Televizyonun Zararları
Televizyon, yirminci yüzyılın en önemli buluşlarından biridir. Hayatımıza girdiğinden beri, dışarıda eğlenme imkânı olmayan milyonlarca insanın temel eğlence kaynağı olmuştur. Televizyon, birçok insan için dünyaya açılan bir penceredir. İyi ya da kötü hayata dair her şeyi içinde barındırır. Televizyon, iletişim açısından gerekli ve faydalı bir araç olsa da, kontrollü kullanılmadığında birçok zararlı etkisi bulunmaktadır.
Televizyonun Zararları
Televizyonun zararlarını şu şekilde sıralayabiliriz:
- Türkiye'de yapılan bir araştırmanın sonuçlarına göre, ülkemizde yaşayan insanların %90'ı günde en az 3 saat televizyon izliyor. Bu, insanların verimliliğini azaltmak için yeterli bir süredir. Diğer bir deyişle, insanlar aileleriyle veya çalışarak geçirecekleri zamanın büyük bir kısmını ekran başında geçiriyor. Kısacası, televizyon insanların günlük üç saatlerini çalıyor.

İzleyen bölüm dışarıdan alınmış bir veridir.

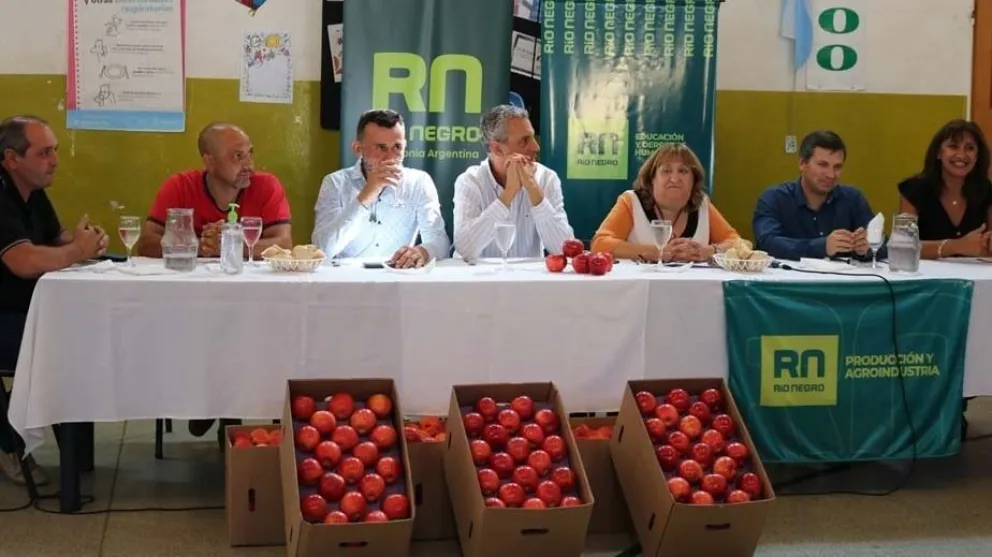 Alumnos de Viedma recibieron la primera entrega de frutas frescas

- Oyun oynamak ve resim yapmak yerine televizyon izleyen çocukların zihinsel ve fiziksel gelişimleri çok daha yavaş ilerliyor.
- 'Ağaç yaşken eğilir' atasözüne göre, küçük yaşlarında televizyon başında tembelce oturan çocukların büyük bir çoğunluğu, hayatları boyunca başarısızlık problemi ile karşı karşıya kalıyor.
- Televizyonda izlenen magazin programları, toplumun değerlerinde yozlaşma tehlikesi yaratıyor. Her türlü çarpık ilişki insanlara normalmiş gibi gösteriliyor.
- Televizyon dizilerinde görülen zengin, lüks ve rahat yaşam, izleyicilerin gerçek hayattaki beklentilerini yükselterek mutsuz ediyor.
- Televizyon, çok fazla insana ulaştığı için bir kişiyi bir anda dünyanın en ünlü insanı yapabileceği gibi, yerin dibine de sokabiliyor.
- Televizyondaki çizgi film karakterlerinden etkilenerek kendilerinin de uçabileceğini zanneden birçok çocuğun, balkondan veya başka bir yüksek yerden atladığını duymayan yoktur.
- Televizyon programlarının birçoğunda reyting uğruna birçok ahlaki değer yerlere seriliyor. Bunları izleyen insanlarda ve özellikle çocuklarda bu durum normalleşmeye başlıyor ve toplumun ahlak anlayışı değişiyor.
- Güncel haberleri veya bilgileri okumak yerine televizyondan izlemek, okuma alışkanlığını yok ediyor.
- Televizyondaki şiddet ve cinsellik içeren görüntüler, izleyiciler için kötü örnek teşkil ediyor.
- Televizyondaki reklamlar, insanları gereksiz ve bilinçsiz tüketime yönlendiriyor.
- Televizyon, insanları tembelleştiriyor ve kısa yoldan zengin olma anlayışı yaratıyor.
Televizyon gibi insanların yararı için icat edilmiş birçok iletişim aracı, doğru kullanıldığında faydalı olabilir. Ancak, insanların büyük bir çoğunluğu hayatlarını verimli kullanmak için gerekli düzeni sağlayamadıkları için genellikle zararını görüyorlar.
Sadece şu şekilde bile düşünürsek, sıradan bir ilkokul öğrencisi bile televizyon başında geçirdiği vakti ders çalışarak harcasa, hayatı boyunca belki sınıf birincisi olur. Bu yüzden anne ve babaların öncelikle kendileri hayatlarına çeki düzen verip, sonra çocuklarına zamanlarını doğru kullanma alışkanlığı kazandırmaları gerekmektedir. Örneğin, anne ve baba kumanda ellerinde o kanaldan bu kanala atlarken, çocuğuna 'Sen git kitap oku.' derse, derste başarılı olabilir mi? Çocuğuna kitap okuma alışkanlığı kazandırabilir mi? Tabii ki hayır! Çocuklar büyüklerin söylediklerini değil, yaptıklarını yaparlar. Bu durumda, çocukların iletişim araçlarını doğru bir şekilde kullanmalarını sağlayabilmek için en büyük sorumluluk anne ve babalara düşmektedir.